Recursive Bayesian Regression | A Self-Contained Guide for Section 5.4 of Hansen & Sargent

The VAR Model

We observe a vector time series $Z_1, Z_2, \ldots, Z_T \in \mathbb{R}^m$ following a VAR($\ell$):

$$ Z_{t+1} = \tilde {\mathbb N} + D \begin{pmatrix} Z_t \\ Z_{t-1} \\ \vdots \\ Z_{t-\ell+1} \end{pmatrix} + F\,W_{t+1}, \qquad W_{t+1} \sim \mathcal{N}(0, I_k). \tag{1} $$

Known: the signals $Z_1, \ldots, Z_T$.

Unknown: the coefficient matrices $\tilde {\mathbb N}$, $D$, and the covariance $FF'$.

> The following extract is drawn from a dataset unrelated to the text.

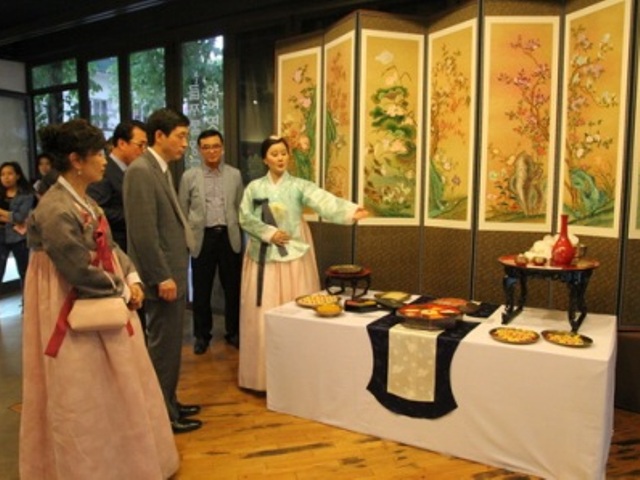 Nghệ nhân tranh dân gian Jung Seung Hui giới thiệu tranh tại triển lãm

Key idea. Treat $(\tilde {\mathbb N}, D)$ as hidden states that never change, so the problem becomes an Hidden Markdov Model (HMM) with trivial state dynamics $\beta_{t+1} = \beta_t$ and a linear observation equation. We then update beliefs about $\beta$ recursively as data arrives.

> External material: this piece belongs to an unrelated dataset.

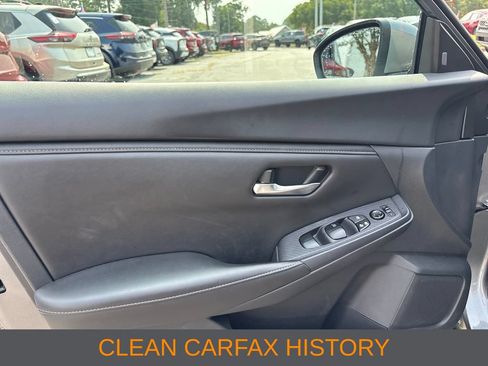 Used 2024 Nissan Sentra SV FWD image 3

Remark: From State Space (5.17) to VAR (5.18): Implicit Assumptions

The general linear state-space model (5.17) is:

$$ X_{t+1} = A X_t + B W_{t+1}, \tag{2} $$$$ Z_{t+1} = N + D X_t + F W_{t+1}. \tag{3} $$

The VAR form (1) is a special case obtained by imposing three assumptions, which are left implicit in the OG lecture note:

Assumption 1: Exact identification ($F$ is square and nonsingular)
We require $\dim(Z_{t+1}) = \dim(W_{t+1}) = m$, and $F$ is $m \times m$ nonsingular. This means there are exactly as many structural shocks as observables. In principle, one could invert $F$ and recover $W_{t+1}$ from residuals. There are no redundant shocks and no missing ones.
Assumption 2: The state is stacked lagged observables
The hidden state $X_t$ is constructed from data:
$$ X_t = \begin{pmatrix} Z_t - N \\ Z_{t-1} - N \\ \vdots \\ Z_{t-\ell+1} - N \end{pmatrix} \in \mathbb{R}^{m\ell}. $$
So $X_t$ is not genuinely hidden — it is just a stack of lagged observations (up to the unknown constant $N$). The only hidden quantities are the parameters $(\tilde {\mathbb N}, D, F)$ themselves. This is what reduces the filtering problem to a regression problem.
Assumption 3: $A$ is a companion matrix
The matrix $A$ is not a free parameter — it is the companion matrix determined by $D$:
$$ A = \begin{pmatrix} D_1 & D_2 & \cdots & D_\ell \\ I & 0 & \cdots & 0 \\ 0 & I & \cdots & 0 \\ \vdots & \vdots & & \vdots \\ 0 & 0 & \cdots & 0 \end{pmatrix}, \qquad B = \begin{pmatrix} F \\ 0 \\ \vdots \\ 0 \end{pmatrix}, $$
where $D = [D_1 \; D_2 \; \cdots \; D_\ell]$. Estimating $(\tilde {\mathbb N}, D, F)$ in the VAR is therefore equivalent to estimating $(A, B, D, F, N)$ in the state-space form — the companion structure imposes no loss of generality given Assumptions 1 and 2.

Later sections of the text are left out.